Но какими правилами вывода нам следует пользоваться? Это все равно, что спросить, как следует запрограммировать генератор виртуальной реальности для передачи мира геометрии Евклида. Ответ в том, что нужно использовать те правила вывода, которые, для нашего лучшего понимания, заставят наши символы вести себя в уместной степени как абстрактные категории, которые они обозначают. Как мы можем быть уверены, что они будут вести себя именно так? А мы и не можем быть уверены в этом. Предположим, что некоторые критики возражают против наших правил вывода, потому что они считают, что наши символы будут вести себя отлично от абстрактных категорий. Мы не можем ни взывать к авторитету Аристотеля или Платона, ни доказать, что наши правила вывода безошибочны (за исключением теоремы Геделя, это привело бы к бесконечному регрессу, ибо сначала нам пришлось бы доказать обоснованность самого метода доказательства, используемого нами). Не можем мы и надменно сказать критикам, что у них что-то не в порядке с интуицией, потому что наша интуиция говорит, что символы будут копировать абстрактные категории в совершенстве. Все, что мы можем сделать, - это объяснить. Мы должны объяснить, почему мы думаем, что при определенных обстоятельствах символы будут вести себя желаемым образом в соответствии с высказанными нами правилами. А критики могут объяснить, почему они предпочитают теорию, конкурирующую с нашей. Расхождение во мнениях относительно двух таких теорий - это частично расхождение во мнениях относительно наблюдаемого поведения физических объектов. Такого рода расхождения могут быть адресованы нормальными методами науки. Иногда они легко разрешимы, а иногда - нет.
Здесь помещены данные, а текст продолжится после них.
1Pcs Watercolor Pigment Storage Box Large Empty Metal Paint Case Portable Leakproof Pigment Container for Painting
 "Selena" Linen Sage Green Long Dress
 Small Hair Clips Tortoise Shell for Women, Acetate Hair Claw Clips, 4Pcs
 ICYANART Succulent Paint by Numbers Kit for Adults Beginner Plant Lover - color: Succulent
Другой причиной подобного расхождения может стать концептуальный конфликт, связанный с природой самих абстрактных категорий. И вновь дело за конкурирующими объяснениями, на этот раз объяснениями не физических объектов, а абстрактных категорий. Либо мы придем к общему пониманию со своими критиками, либо согласимся, что говорим о двух различных абстрактных объектах, либо вообще не придем к согласию. Нет никаких гарантий. Таким образом, в противоположность традиционному убеждению, споры в математике не всегда можно разрешить с помощью исключительно методологических средств.
На первый взгляд, характер традиционного символического доказательства кажется весьма отличным от характера "практического" виртуального доказательства. Но теперь мы видим, что они относятся друг к другу так же, как вычисления относятся к физическим экспериментам. Любой физический эксперимент можно рассматривать как вычисление, и любое вычисление - как физический эксперимент. В обоих видах доказательства физическими категориями (независимо от того, находятся они в виртуальной реальности или нет) манипулируют в соответствии с правилами. В обоих видах доказательства физические категории представляют интересующие нас абстрактные категории. И в обоих случаях надежность доказательства зависит от истинности теории о том, что физические и абстрактные категории действительно имеют соответствующие свойства.
Из вышеизложенного рассуждения также можно увидеть, что доказательство - это физический процесс. В действительности, доказательство - это разновидность вычисления. "Доказать" высказывание значит осуществить вычисление, которое, будучи выполненным правильно, устанавливает истинность высказывания. Используя слово "доказательство" для обозначения объекта, например, текста, написанного чернилами на бумаге, мы имеем в виду, что этот объект можно использовать в качестве программы для воссоздания вычисления соответствующего вида.
Следовательно, ни математические теоремы, ни процесс математического доказательства, ни впечатление о математической интуиции не подтверждает никакую определенность. Ничто не подтверждает ее. Наше математическое знание, так же как и наше научное знание, может быть глубоким и широким, может быть неуловимым и удивительно объяснительным, может быть принятым без разногласий; но оно не может быть определенным. Никто не может гарантировать, что в доказательстве, которое ранее считалось обоснованным, однажды не обнаружат глубокое недоразумение, казавшееся естественным из-за ранее несомненного "самоочевидного" допущения о физическом мире, или об абстрактном мире, или об отношении некоторых физических и абстрактных категорий.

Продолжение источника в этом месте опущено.